The appended drawings show Fig. 1 Bus Read Transfer;
Fig. 2 Bus Write Transfer; Fig. 3 Translation from chip-internal bus to trace according to the invention;
Fig. 4 ADDR-signal interpretation by the bus slave; Fig. 5 Inventive trace handler module system;
Fig. 6 Trace firmware Protocol for a trace message exchanged between the bus master and the bus slave according to the inventive method;
Fig. 7 Trace channel state machine. Figure 3 shows the translation from the chip-internal bus 2 to a trace data stream 5. The trace handler module system 4 offloads the formatting and filtering from the processor. Especially the filtering implies runtime variations (trace or skip). The trace overhead is minimal and unconditionally. The system behavior does not depend on the trace data nor the trace filter setting. The inventive trace handler module system 4 will be described in more detail in figure 5.

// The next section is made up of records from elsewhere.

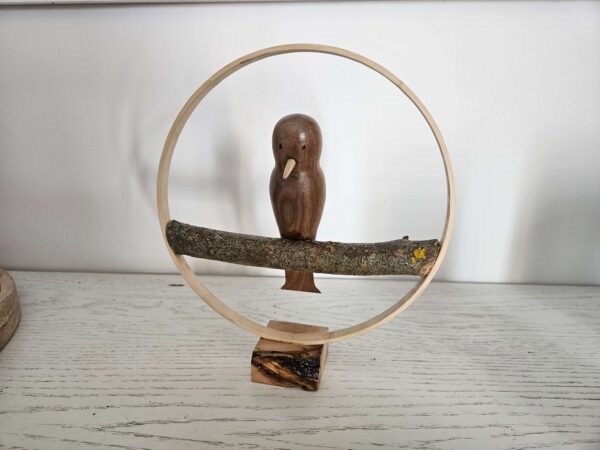 Oiseau tourné en bois de noyer, support branche et cercle de bois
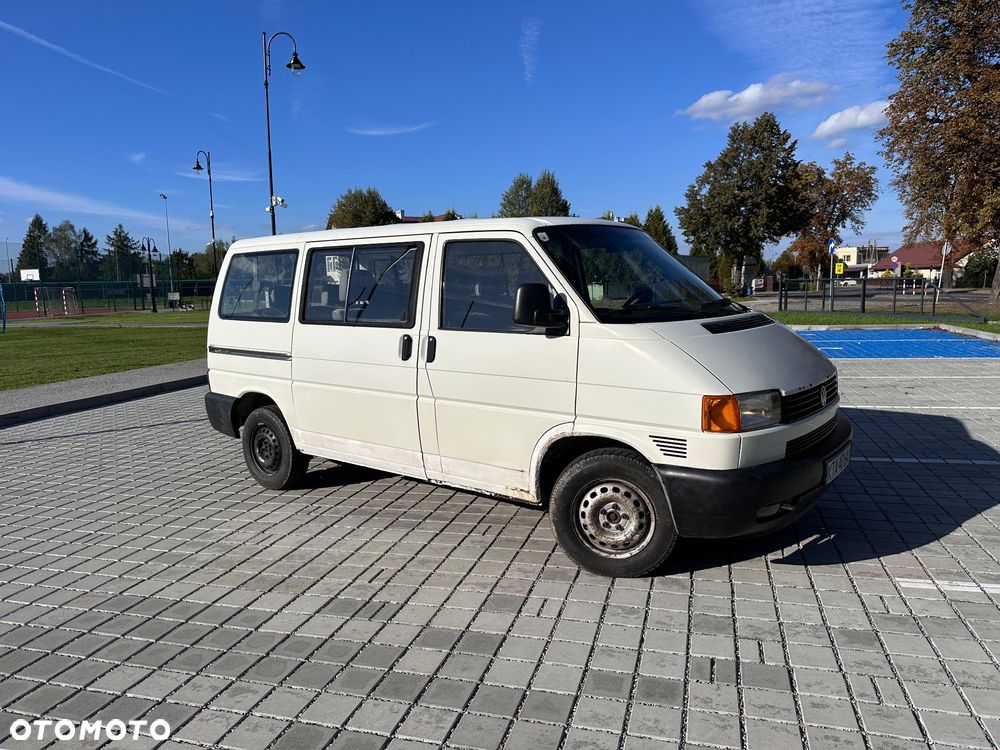 Volkswagen Transporter - 1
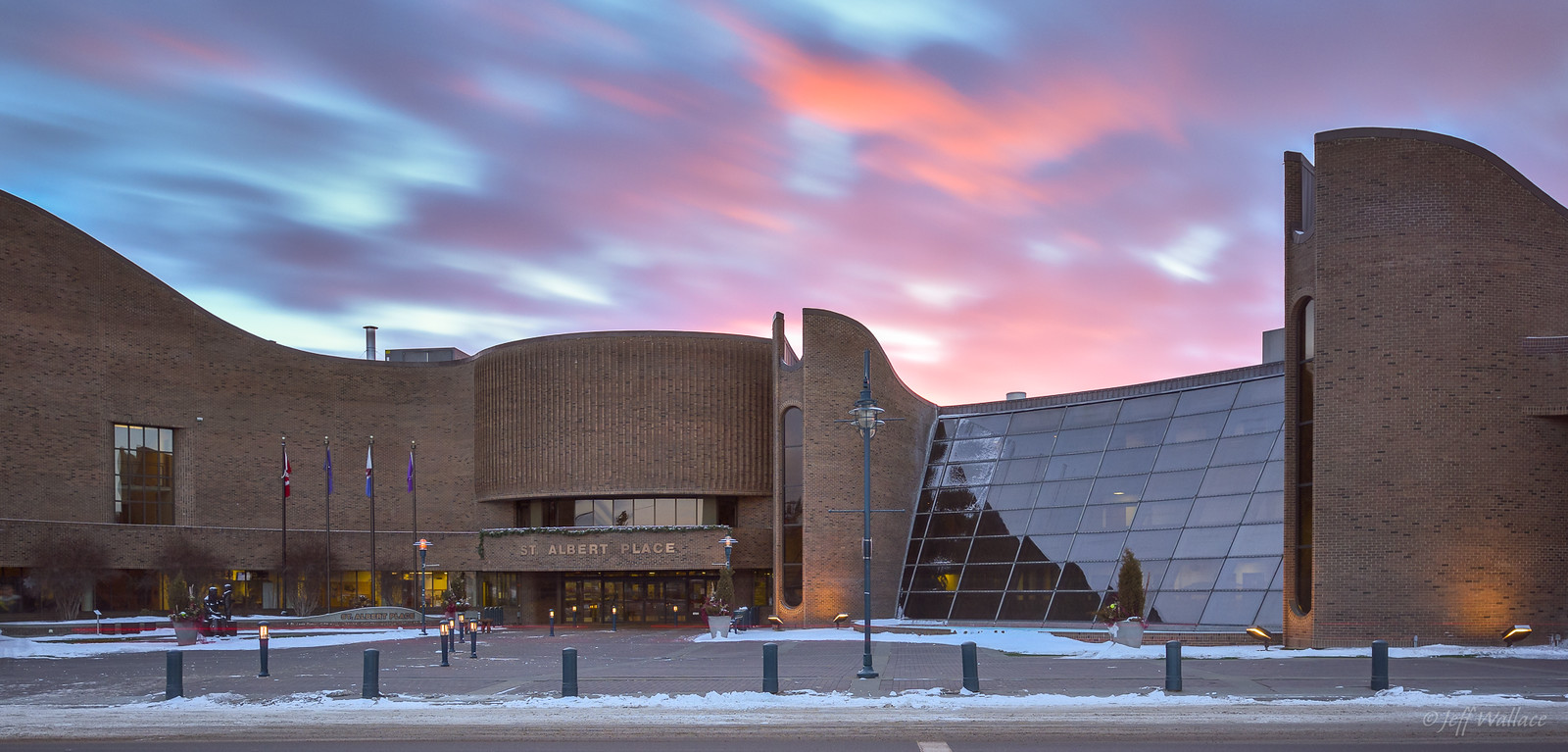St. Albert Place, downtown. Houses St. Albert Public Library, Musée Héritage Museum, Arden Theatre, & Council Chambers.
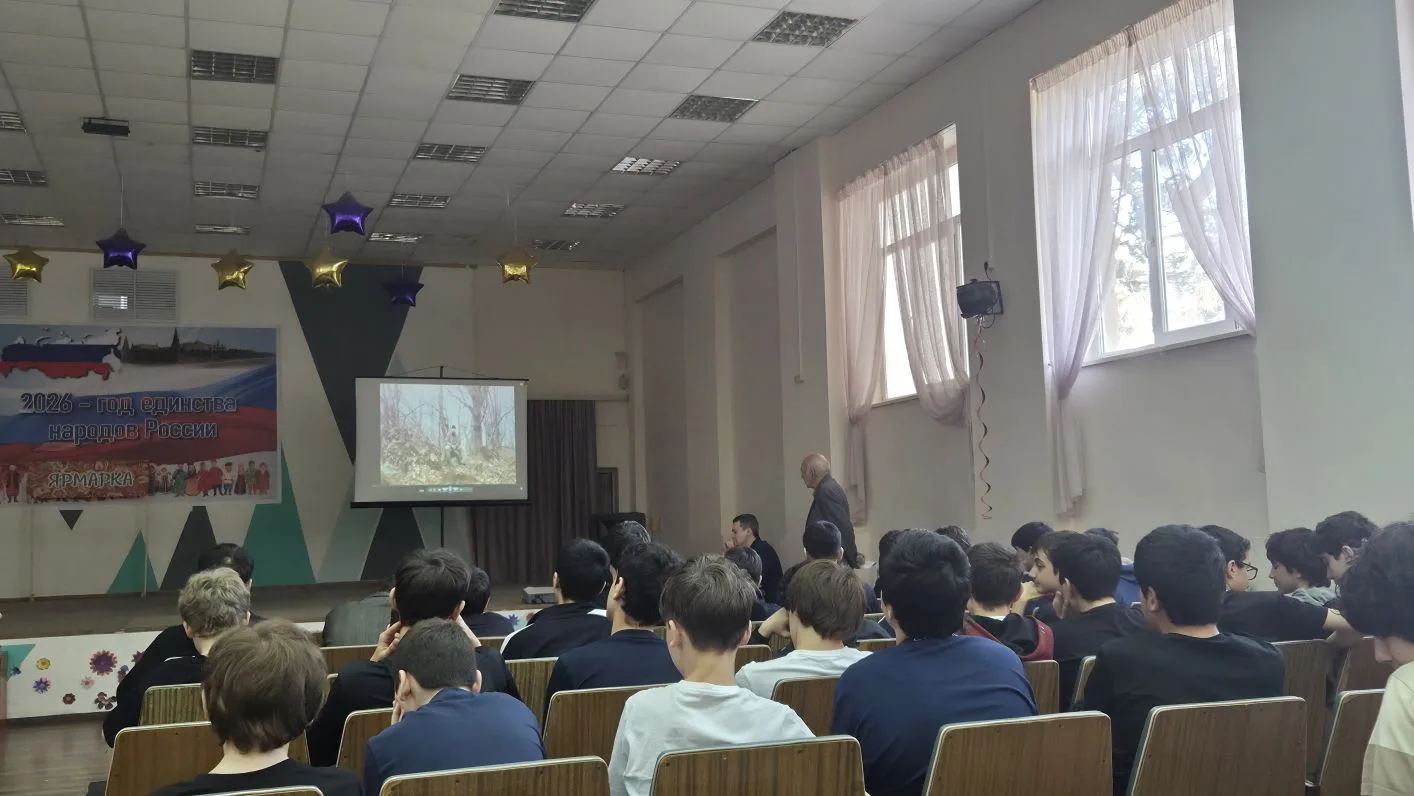 Сегодня у  учащихся   8-х классов нашей школы проходят учебные сборы Сборы проходят в рамках курса  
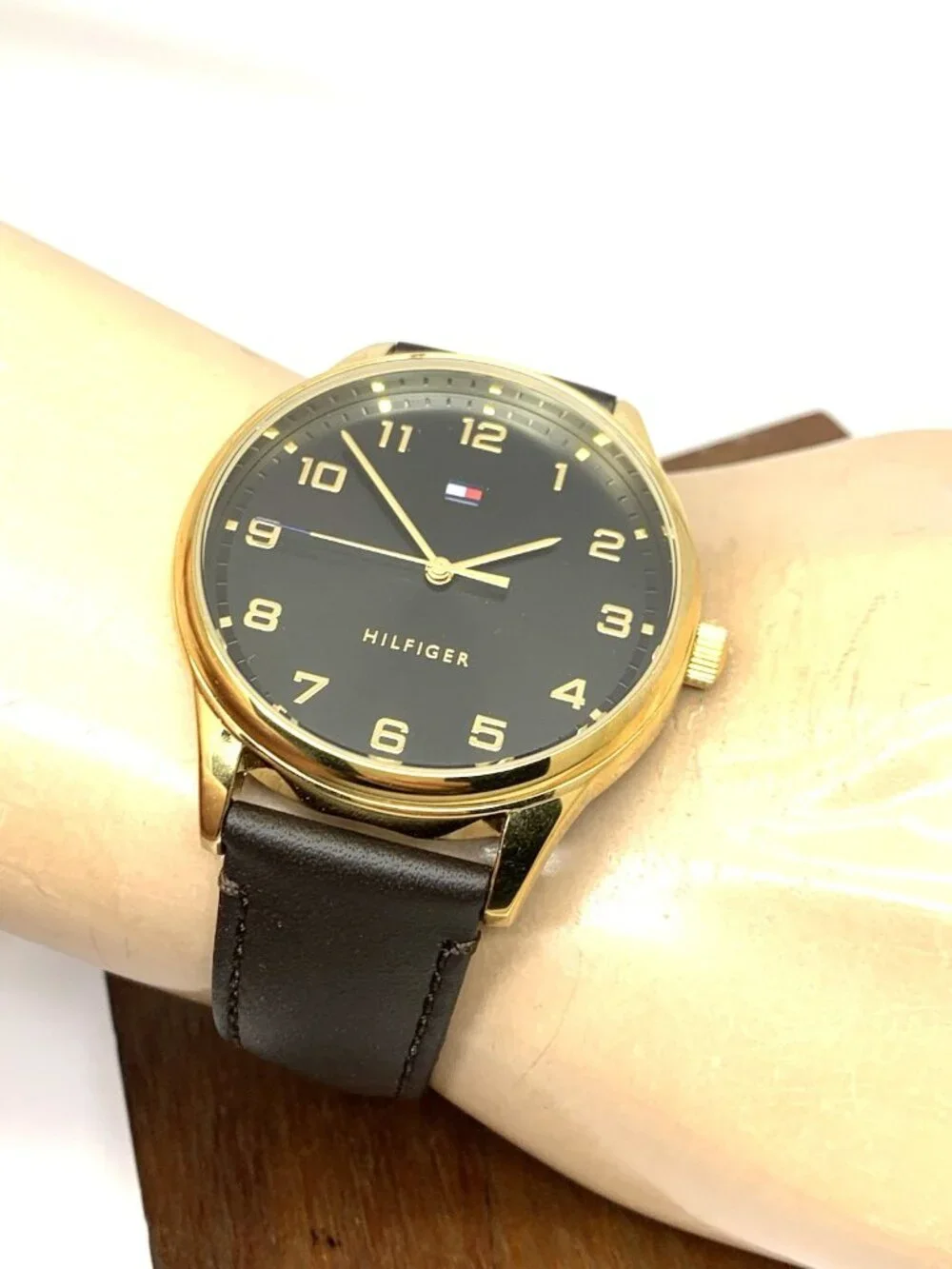 Tommy Hilfiger Men's Watch 1791660 Black Dial Quartz Gold Leather Strap 44.5mm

Figure 4 shows the bus ADDR-signal interpretation by the bus slaves of the trace handler module system. The bus ADDR- signal is divided into different slices, which are defined at design-time of the inventive system. Slice 'BYTESEL' has a width of b (BUSDWID/8-1), for example bits 1:0. These bits are intended to be ignored, as not all processors support non-word accesses. Slice 'SKIP' has a width of b(BUSDWID/8- 1), for example bits 3:2. This slice marks the number of data bytes to skip. For a BUSDWID = 32, if SKIP = 0, 4 Bytes [31:0] are sent and 0 Bytes are skipped; if SKIP = 1, 3 Bytes [23:0] are sent and 1 Byte are is skipped; if SKIP =
2, 2 Bytes [15:0] are sent and 2 Bytes are skipped; if SKIP = 4, 1 Byte [7:0] is sent and 2 bytes are skipped. The SKIP attribute enables the handling of payload other than BUSDWID. The payload source may be located in the processor memory with any alignment. The SKIP attribute can also be used to dump the bytes before and after word aligned data. Slice 'IS_DATA' has a width of 0 or 1, for example bit 4. This slice is a data marker, if the written data is handled as trace payload. This bit is optional and only needed if there is any other filtering than filtering after TYPE or LEVEL. The slice 'IS_END' has a width of 1, for example bit 5. IS_END is an end marker which is used to close a channel and written data is ignored. The slice 'LEVEL' has a width of LEVELWID, for example 8:6, which is defined at design time of the trace handler module system and then fixed. The trace level categorizes the trace messages into classes of relevance, i. e. INFO, WARN, ERROR. The slice 'TYPE' has a width of TYPEWID, for example 14:9, which is defined at design-time of the trace handler module system. The trace type identifies the trace messages and its content. The slice 'CHAN' has a width of CHANWID, for example 20:15, which is defined at design-time of the trace handler module system. The trace channel is a transport protocol layer entity to separate different trace messages during transmission.
The above mentioned symbols BUSAWID, bus address width, i. e. 32 bits; BUSDWID, Bus data width, i. e. 32 bits;
LEVELWID, Level width, i. e. 3 bits, which is optional and can be 0; TYPEWID, Type width, i. e. 6 bits, which is optional and can be 0; and CHANWID, Channel width, i. e. 6 bits define the design-time constants, which influence implementation details and should therefore to be chosen before.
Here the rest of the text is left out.